** WHAT THE TASK ASKS **
Begin at the line that holds "Haggar casual short" and retype every line through the end of the material, both included. Leave out the pictures.

** RECORDED DATA **
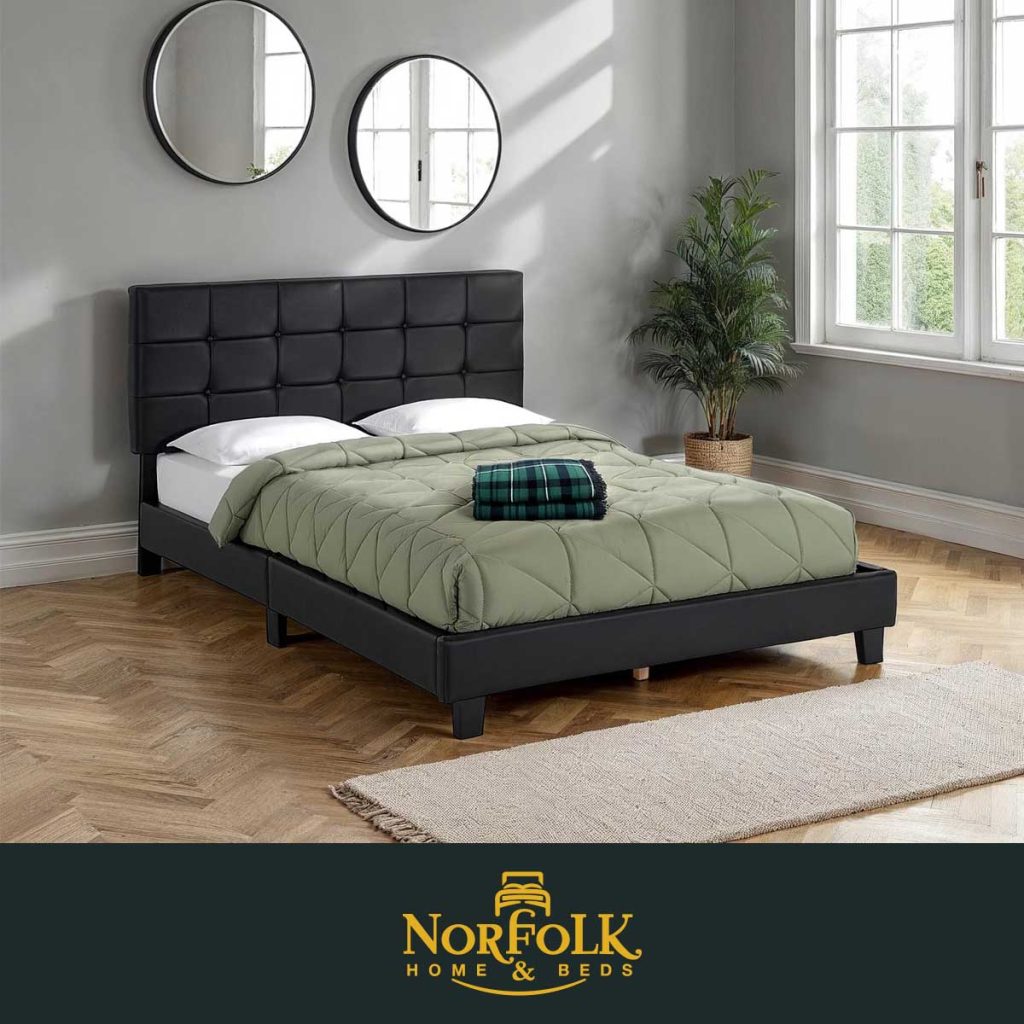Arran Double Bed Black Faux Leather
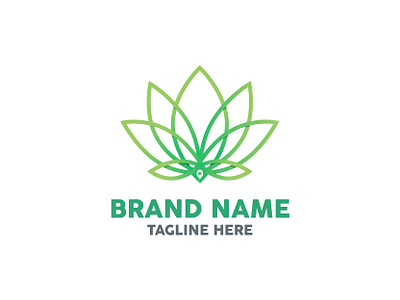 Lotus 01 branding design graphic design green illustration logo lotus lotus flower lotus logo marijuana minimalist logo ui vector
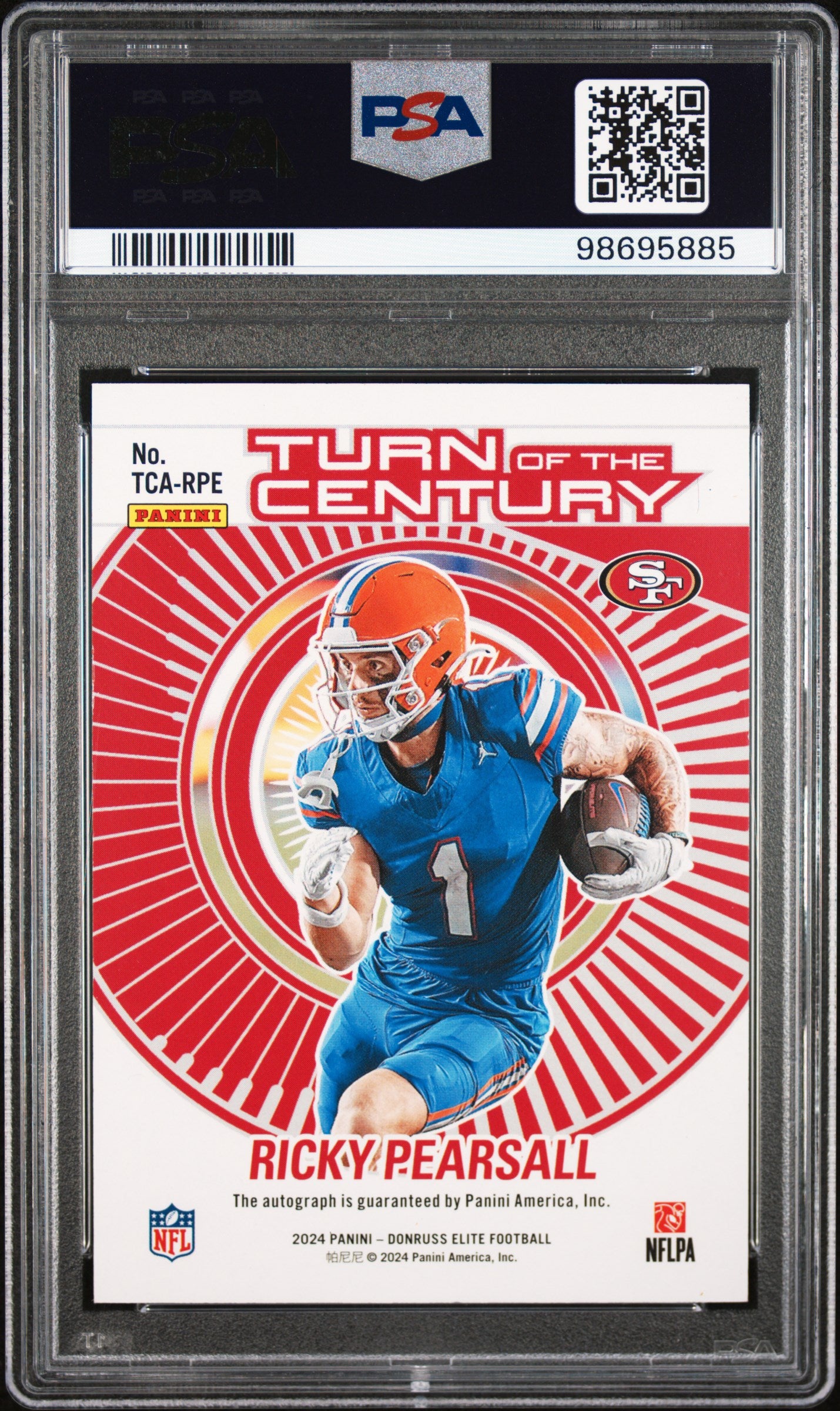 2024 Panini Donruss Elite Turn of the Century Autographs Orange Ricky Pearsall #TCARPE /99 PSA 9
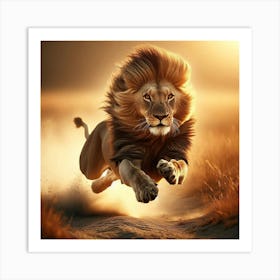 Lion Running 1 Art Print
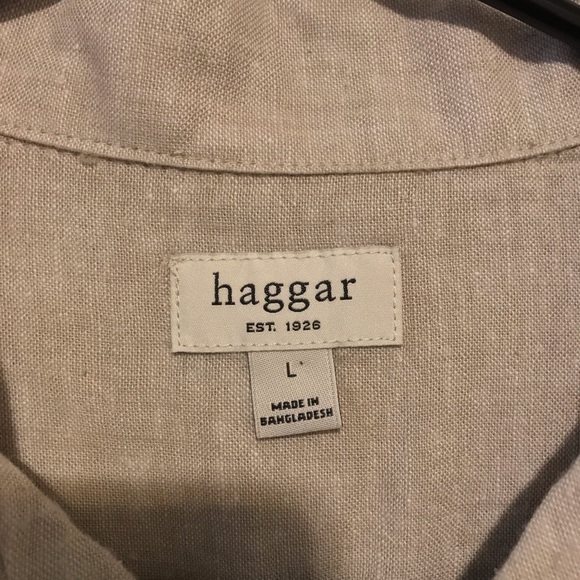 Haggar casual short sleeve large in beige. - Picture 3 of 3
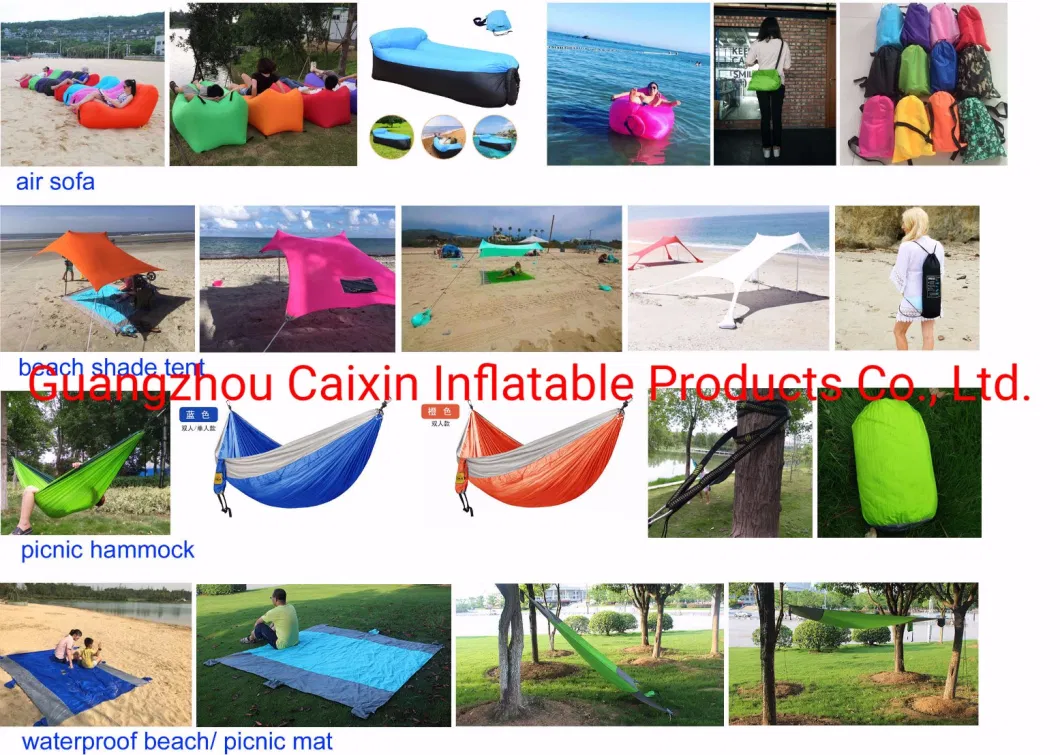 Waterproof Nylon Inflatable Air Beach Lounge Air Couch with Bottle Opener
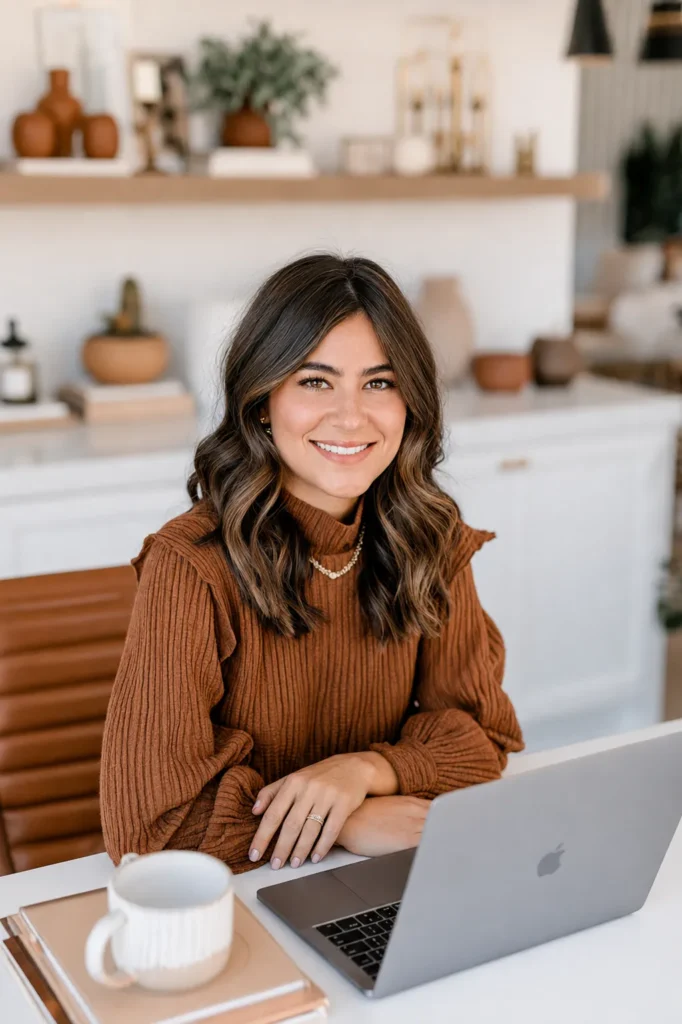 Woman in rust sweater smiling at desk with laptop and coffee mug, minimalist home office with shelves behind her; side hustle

** EXERCISE SOLUTION **
 Haggar casual short sleeve large in beige. - Picture 3 of 3
 Waterproof Nylon Inflatable Air Beach Lounge Air Couch with Bottle Opener
 Woman in rust sweater smiling at desk with laptop and coffee mug, minimalist home office with shelves behind her; side hustle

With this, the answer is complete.